Understanding NSXMLParser in Swift (xcode 6.3.1)

Disclaimer

I’m a designer who started to learn Swift a few weeks ago, and will be showing the pitfalls I encountered with the parser while trying to read from an XML file (in order to put this data into a tableView). Please pardon my lack of good code, and comments on how to code better (and on how not to repeat myself) are very much welcome.

The basic setup

I’m assuming you already setup your TableViewController to read from a source and populate the table (as well setting the cell identifiers, methods for reusing cells, etc). But to parse the XML we need a few things first.

Set your Controller class as the delegate for parsing, and create a parser:

class PodcastTableViewController: UITableViewController, NSXMLParserDelegate {
var xmlParser: NSXMLParser!
//rest of code for your controller here
}

Create a function to parse your xml (also inside your Controller). Here you define the URL, create the request and send it asynchronously so the downloading and parsing of the xml doesn’t stop your app from responding:

func refreshPodcasts() {
let urlString = NSURL(string: “http://www.blubrry.com/feeds/onorte.xml")
let rssUrlRequest:NSURLRequest = NSURLRequest(URL:urlString!)
let queue:NSOperationQueue = NSOperationQueue()

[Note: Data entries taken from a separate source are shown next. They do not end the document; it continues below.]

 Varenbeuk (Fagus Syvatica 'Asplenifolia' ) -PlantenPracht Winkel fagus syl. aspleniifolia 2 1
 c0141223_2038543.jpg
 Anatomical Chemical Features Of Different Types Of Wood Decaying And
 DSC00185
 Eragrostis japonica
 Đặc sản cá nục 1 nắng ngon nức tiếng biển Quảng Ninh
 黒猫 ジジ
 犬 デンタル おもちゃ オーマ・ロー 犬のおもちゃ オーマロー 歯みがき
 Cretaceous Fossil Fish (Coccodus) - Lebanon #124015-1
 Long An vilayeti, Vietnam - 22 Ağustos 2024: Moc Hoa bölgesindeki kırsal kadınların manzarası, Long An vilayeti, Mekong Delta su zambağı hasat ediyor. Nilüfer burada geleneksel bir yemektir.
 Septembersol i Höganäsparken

NSURLConnection.sendAsynchronousRequest(rssUrlRequest, queue: queue) {
(response, data, error) -> Void in
self.xmlParser = NSXMLParser(data: data)
self.xmlParser.delegate = self
self.xmlParser.parse()
}
}

And, lastly, call that function when your viewDidLoad:

override func viewDidLoad() {
super.viewDidLoad()
refreshPodcasts()
}

The XML file

I’ll be trying to make an app for the podcast of a friend, from oene.com.br. Here’s the XML file I’ll be using: http://www.blubrry.com/feeds/onorte.xml.

If you look at the xml file structure, you’ll notice the podcasts have several elements inside them. I’m only interested in some of them, so I define the basic structure for my podcasts in a class:

class Podcast: NSObject {
var podcastTitle = String()
var podcastDate = String()
var podcastLinkInfo = PodcastLinkInfo()
var podcastDuration = String()
var podcastSubtitle = String()
var podcastDescription = String()
var podcastAudio = NSData()
}

Date is a string because I’m not interested in understanding the date, only showing it. podcastLinkInfo is a class with variables to hold the link, file type, etc of the podcast. podcastAudio will be the actual file data, which I still have no idea how to do. Also, I create an empty array to hold all my podcasts:

var podcasts = [Podcast]()

The file is poorly structured, which makes for an even better case. For example, we have <title> for the general podcast title, and we also have a <title> for each podcast. To solve this, we need to understand the delegate methods of the parser.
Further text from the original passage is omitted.